(Writer’s Note: I wrote this post awhile ago, but didn’t publish it, so the timeline is off, but the message still matters.)
Ever since I wrote this post about Crew’s New Year’s Eve experience I have been thinking more about “self-care” and what it really means. I have been using the phrase a lot more as well.
Last Saturday afternoon Chad lay on our bed. He planned to go running but made the mistake of lying down first. He was exhausted from a 2 week work trip to Hawaii. (I know, poor guy, right?) But the time difference, long work hours, and red eye flights really had taken their toll on him. He laid there torn between exercise and a nap. He said, “I really should go running, but I really want to just go to sleep.” Our schedule that day would not allow him to be able to do both. He had to make a choice.
I replied with, “What would be in your body’s best interest right now? Which one would be better self-care today?” And then I left the room for him to decide. To he honest, I don’t remember what he chose since I was off to a meeting.
Yesterday, I was faced with a similar dilemma. I faithfully go to yoga on Thursday mornings, but this Thursday felt different. The day before I was in charge of a dinner for 80 teachers. I had spent all my free time the three days prior preparing for the dinner in some way – Costco, grocery, Partyland, emails, texts, cooking, chopping, etc. My house was thrashed; my kids missed me; my car was packed with bins to unload, and I had a sink full of dishes. The girls needed some guidance with schooling and Locke didn’t want to go to co-op.
I had also started to reorganize my bedroom on the Saturday before so I had piles of clothes everywhere.

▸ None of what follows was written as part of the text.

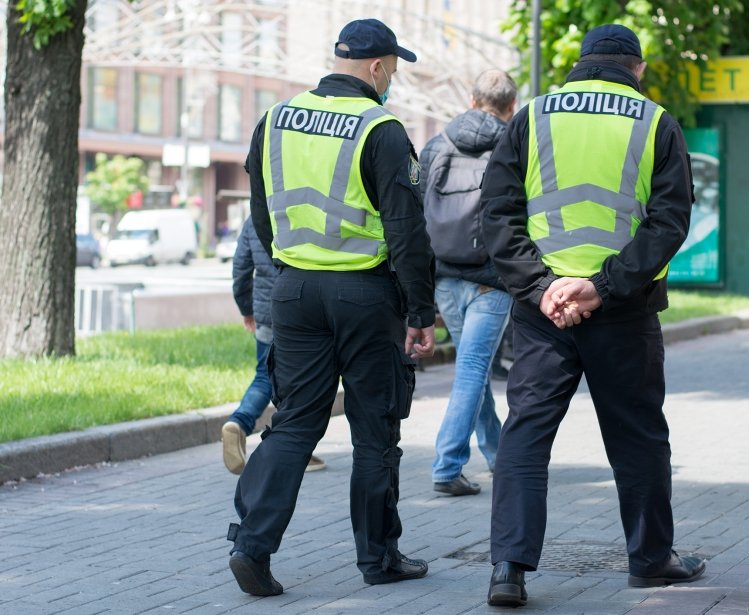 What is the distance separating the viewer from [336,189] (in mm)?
4887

But I am in a wellness challenge right now and if I don’t exercise I don’t get points. Plus I know I feel so much better after I do yoga and if I don’t go in the morning my chances of exercising later in the day are slim to none. I changed my clothes and planned to go.
Then as the time approached to leave for yoga, “self-care” crept into my head. And I asked myself, “What would be the best self-care TODAY? What do YOU need? What does YOUR BODY need? What do your children need TODAY?”
This time I chose to stay home and get my house in order, spend time with my kids, and regroup. I had exercised the three days before and would exercise the next day, but I did not want to leave my family that particular morning.
The choice between exercise and rest are not the only two choices in self-care. We have to decide between
Saying yes vs. Saying no
Turning it up vs. Dialing it back
Taking a nap vs Starting a project
Eating vs Not eating
Time alone vs. Time with friends
Staying in a relationship vs. Ending a relationship
Getting out of bed vs. Sleeping in
None of these choices are right or wrong or good or bad, standing alone. We most likely will do all of these at one time or another. What is best for our self-care changes and it is important to evaluate and honor our individual circumstances. It takes complete honesty with ourselves and our motives and fears to understand why we do what we do.
I realize that there is a fine line between self-care and excuses, justification, or rationalization. To be clear, self-care is not permission to be lazy or a pass to be selfish. Rather self-care is realizing that pushing through and sucking it up are not always the answers. Self care is doing whatever ultimately honors yourself and your body. It is playing your edge, but not going too far or exhausting yourself.
A guy name Jeff Brown said, “… We have misunderstood real power. It has been something assertive, non-surrendering, pushing on through. This is not real power. This is willfulness. Real power is something different…”
I think real power is self-care.
What I am trying to say is that there is a time to suck it up and a time to surrender. There is a time to rise up and a time to retreat. Self-care values both options as equals and chooses the one that is ultimately best with no guilt and no shame.